# Problem to solve
Print exactly what appears from the line containing "Gölbaşı Kyk Erkek Öğrenci Yurdu Fotoğraf3" through the final line of the data below, pictures excluded.
Dataset records Block Start
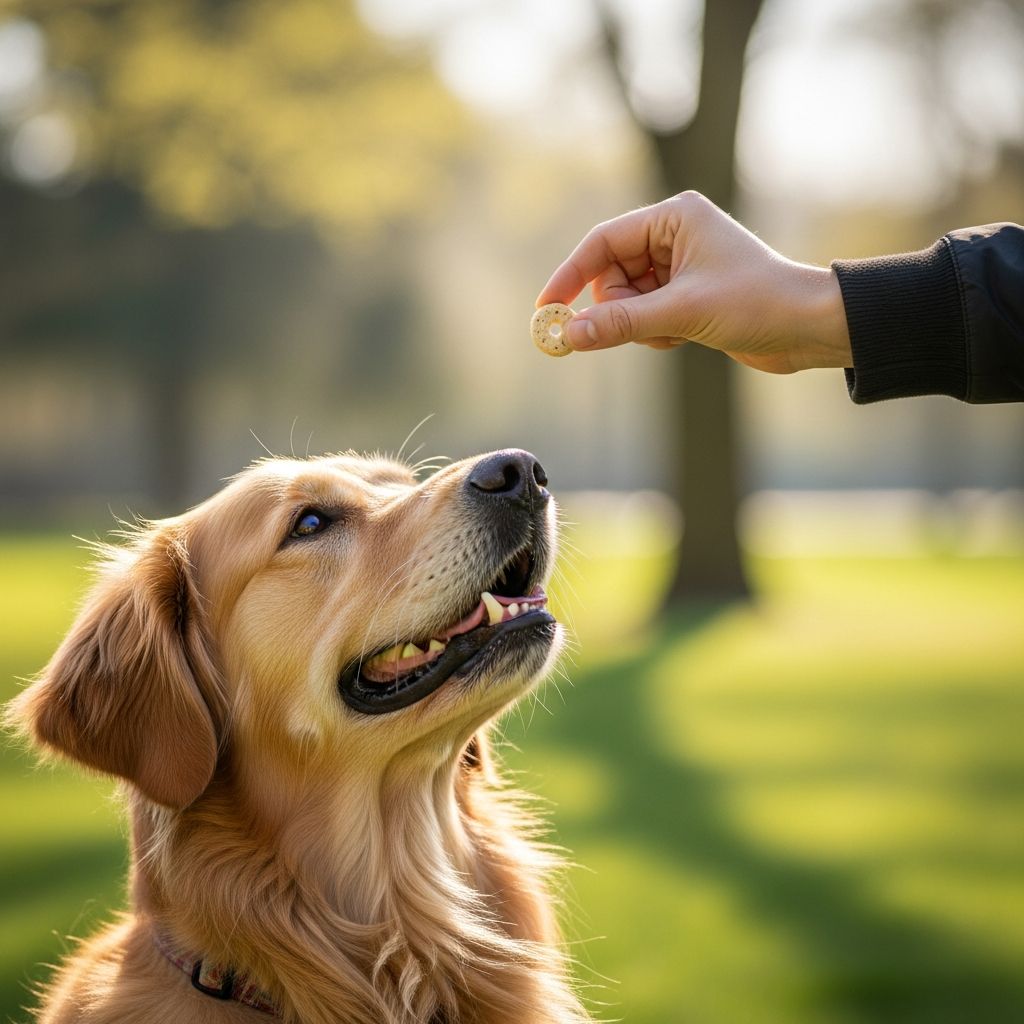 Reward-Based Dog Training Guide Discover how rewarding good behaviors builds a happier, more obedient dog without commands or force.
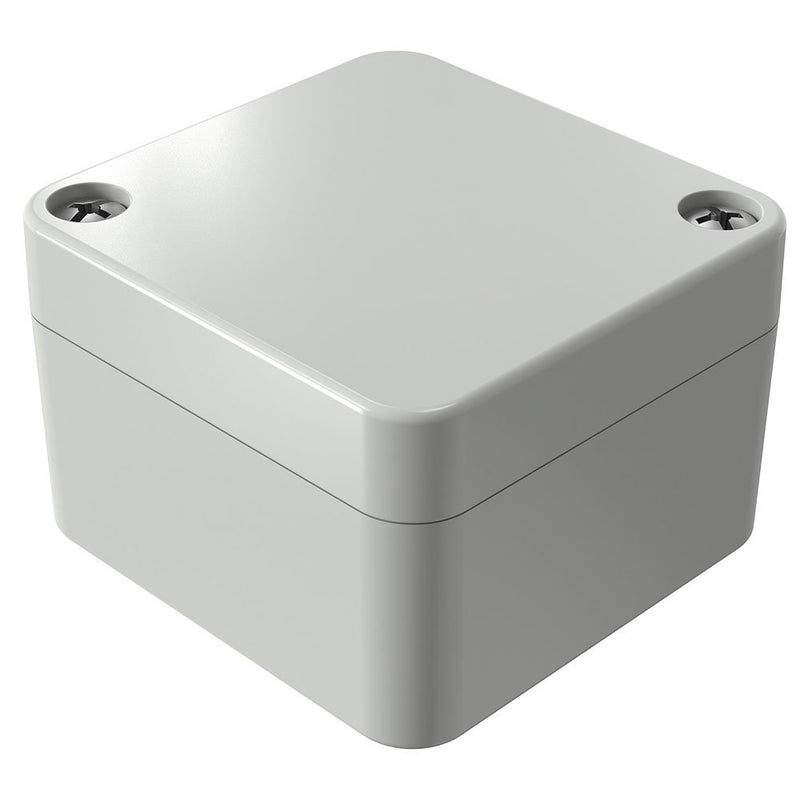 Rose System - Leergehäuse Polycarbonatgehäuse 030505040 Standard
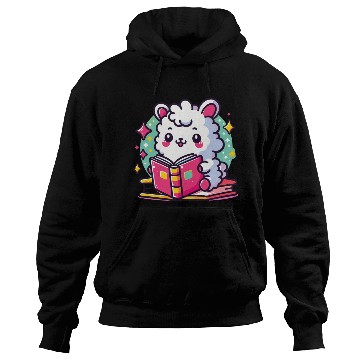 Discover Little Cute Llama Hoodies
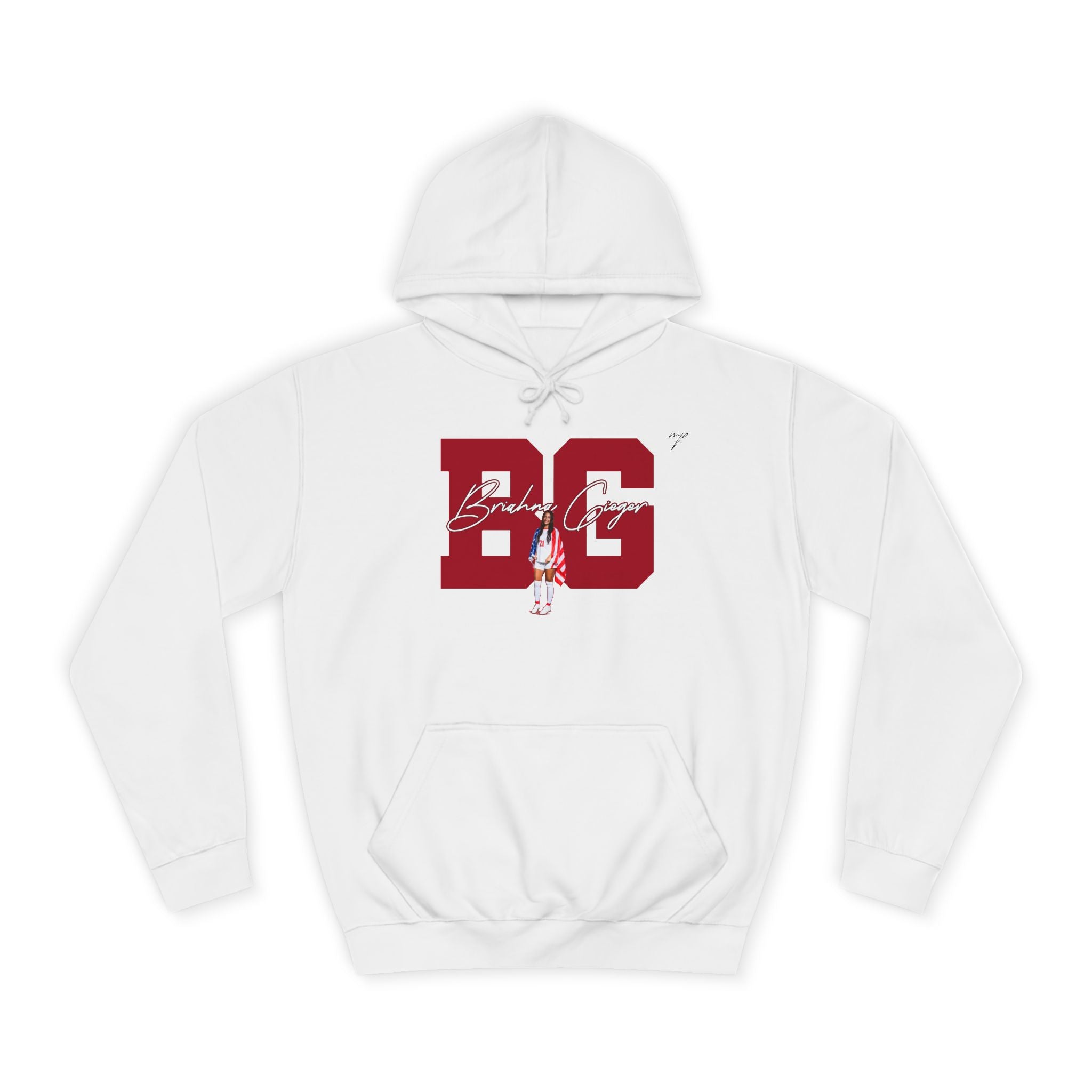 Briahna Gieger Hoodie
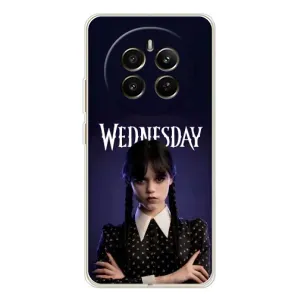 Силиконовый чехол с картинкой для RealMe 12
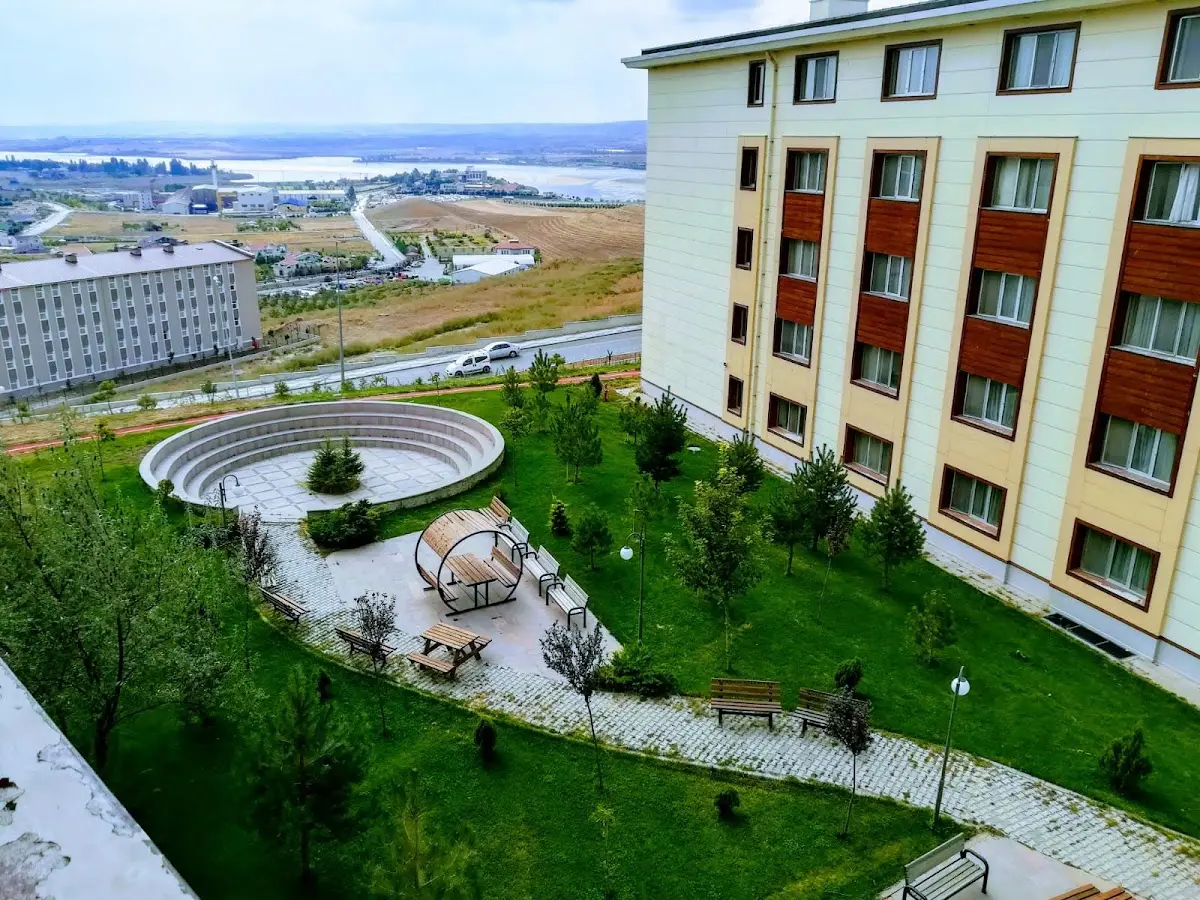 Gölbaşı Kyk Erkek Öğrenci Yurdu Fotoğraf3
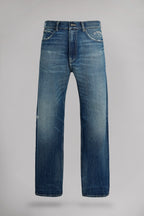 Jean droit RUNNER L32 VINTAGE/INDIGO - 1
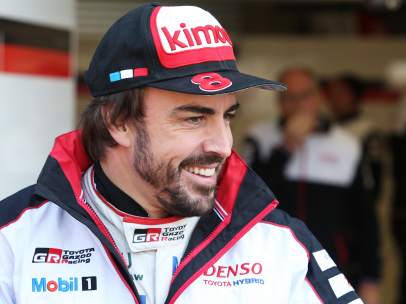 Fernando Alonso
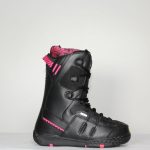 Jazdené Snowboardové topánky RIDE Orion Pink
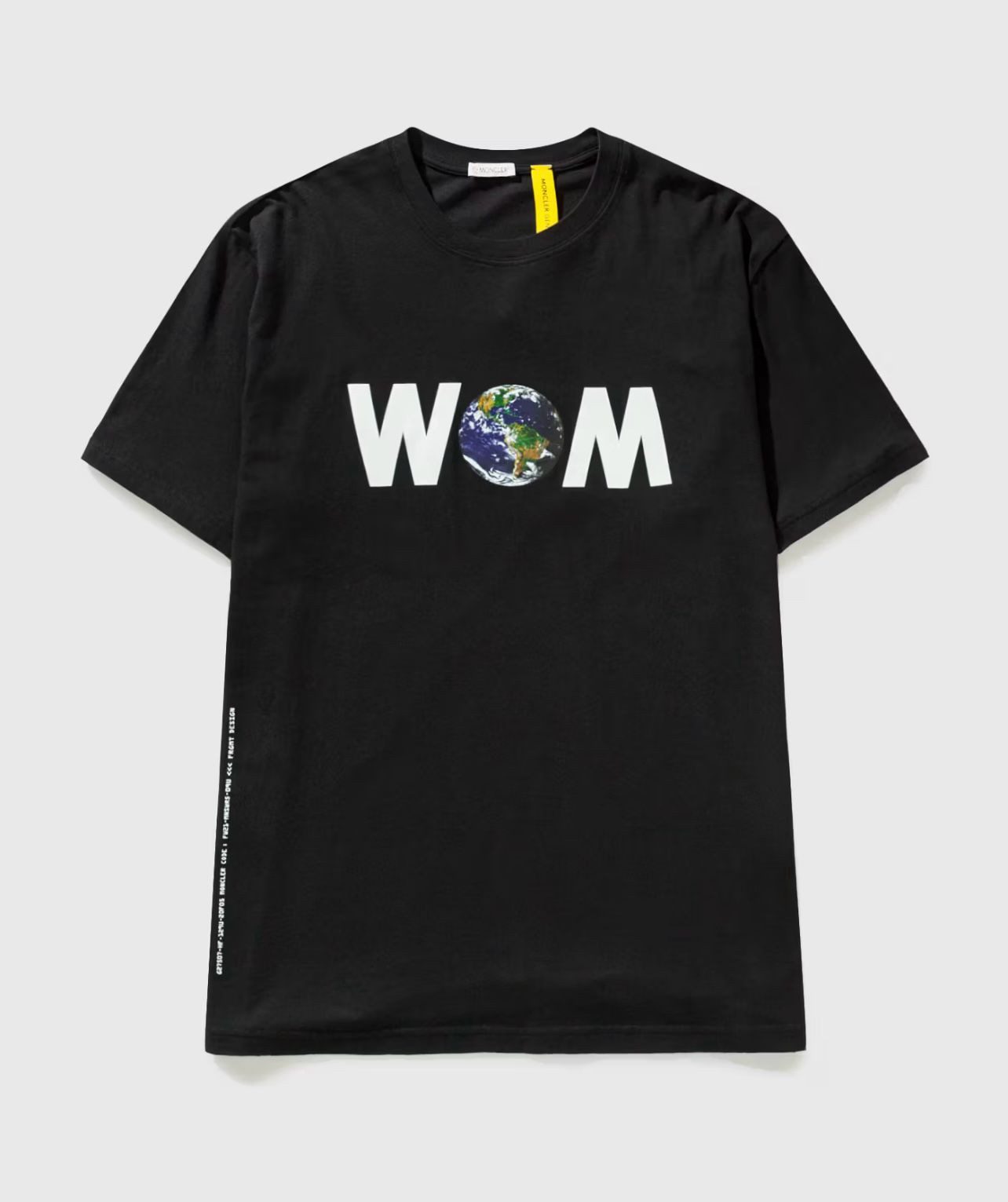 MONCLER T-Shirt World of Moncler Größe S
Dataset records Block End
# Written response
 Gölbaşı Kyk Erkek Öğrenci Yurdu Fotoğraf3
 Jean droit RUNNER L32 VINTAGE/INDIGO - 1
 Fernando Alonso
 Jazdené Snowboardové topánky RIDE Orion Pink
 MONCLER T-Shirt World of Moncler Größe S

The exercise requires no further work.